(Captioned web images)
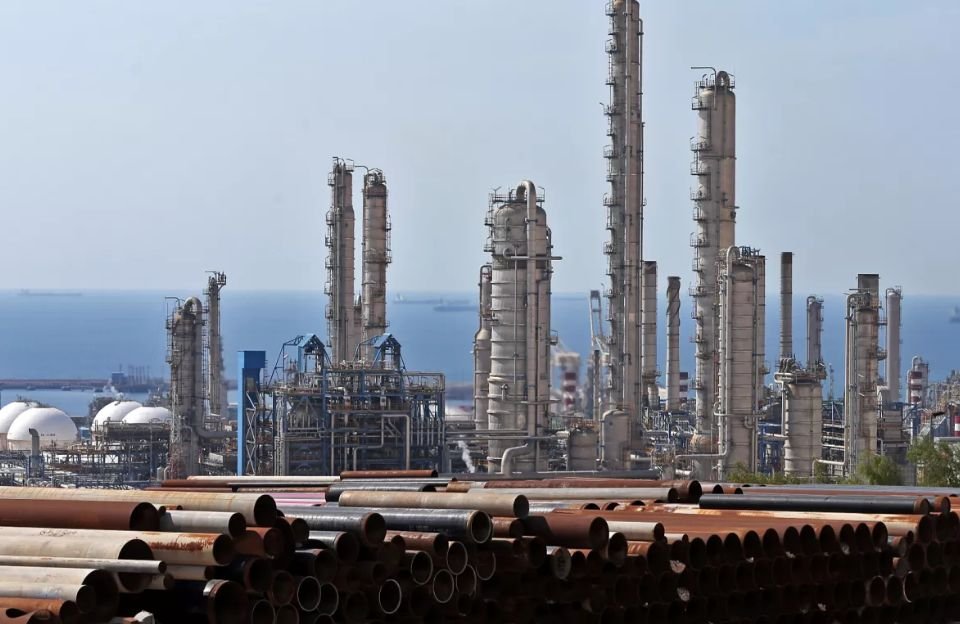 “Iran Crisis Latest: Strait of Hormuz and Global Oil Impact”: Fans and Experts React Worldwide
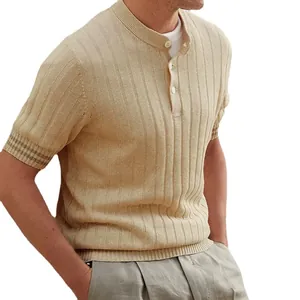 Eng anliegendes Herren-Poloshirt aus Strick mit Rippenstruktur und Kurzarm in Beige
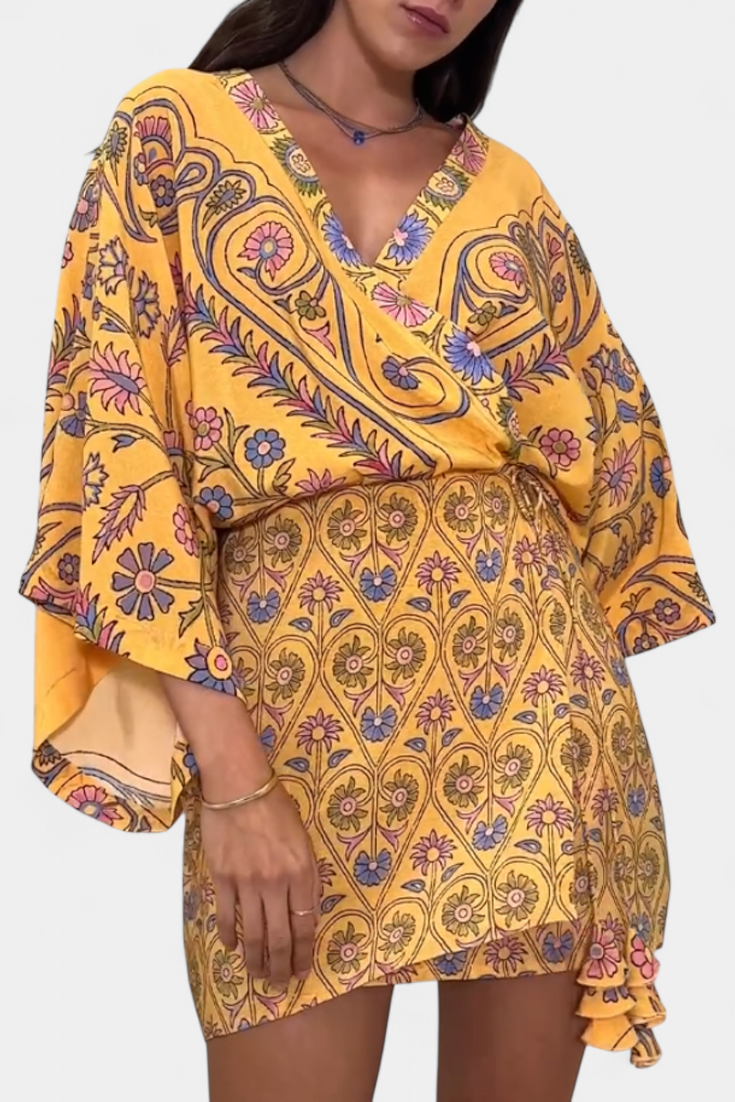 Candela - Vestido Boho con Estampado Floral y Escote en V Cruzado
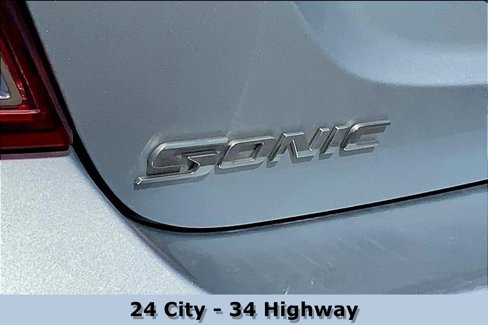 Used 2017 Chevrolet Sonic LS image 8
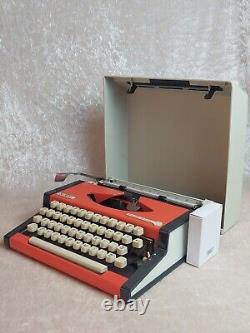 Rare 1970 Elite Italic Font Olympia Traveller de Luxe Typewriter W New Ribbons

• **What this task involves**: Print out each record exactly as shown, but keep the pictures out.

• **Worked solution**:
 “Iran Crisis Latest: Strait of Hormuz and Global Oil Impact”: Fans and Experts React Worldwide
 Eng anliegendes Herren-Poloshirt aus Strick mit Rippenstruktur und Kurzarm in Beige
 Candela - Vestido Boho con Estampado Floral y Escote en V Cruzado
 Used 2017 Chevrolet Sonic LS image 8
 Rare 1970 Elite Italic Font Olympia Traveller de Luxe Typewriter W New Ribbons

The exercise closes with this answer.